I have not been able to figure how to turn off my pop up's so I can see some things, need to look in to that. Love to read your story to Santa.
post #2 of 11
I just get a "cannot find server" message when I click the link

I wanna write to Santa
post #3 of 11
Thread Starter 
Well dang when I click it it is still there.
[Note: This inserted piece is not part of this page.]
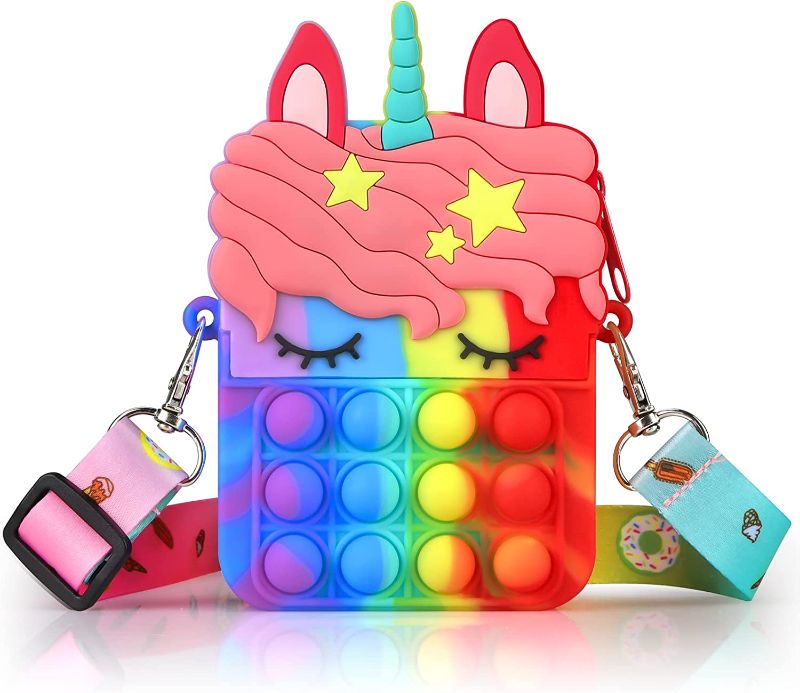 Photo 1 of ATESSON Pop Shoulder Bag for Girls and Women, Mini Pop Rainbow Purse Bags, Lovely Sensory Silicone Cartoon Bag Toy for Students Kids, Christmas Pop Birthday Party Gifts
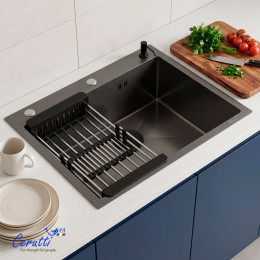 Кухонная мойка Ceruttispa ГЛОРИЯ (GLORIA) 6045B nano black (графит) из нержавеющей стали (600х450х220)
Only note I found was this.
Quote:
Fill in the blanks to write your letter to Santa Claus.
This one is for the BIG girls and boys.
(Note: Turn off pop-up blocker to retrieve letter.)
Sorry.
post #4 of 11
I guess that means that you have been 'nice' and I've been 'naughty', he doesn't even want an email from me

I guess I won't bother hanging a stocking this year

better start being 'nice' for next year I guess
post #5 of 11
Thread Starter 
What can we say.
post #6 of 11
Here's mine
Dear Santa,

I have been a good girl.

It really wasn't my fault what happened at Jen's Christmas party. It was Michelle who spiked the punch with too much tequila. I can't help it if I drank 47 glasses. It was so good---smelled and tasted just like coffee.

I thought it was funny when I put Jenny's spongebob pants on my head and danced the Rumba on the bed while singing `Redneck woman'. I didn't mean to break Jen's computer and don't know why Jen would sue me for speeding.

I don't remember calling Tony's wife a sexy cow---even though she looked like one with red eye shadow and blue lipstick!

And when I threw up on Cori's husband's leg, it was only because I ate too much of that chicken.

After all that fun, I admit I was a little tired. So I fell asleep on my way home and drove my mini van through my neighbor's chimney. I don't think that was any reason for my neighbor to call me a wide dog and have me arrested for sexual harrassment!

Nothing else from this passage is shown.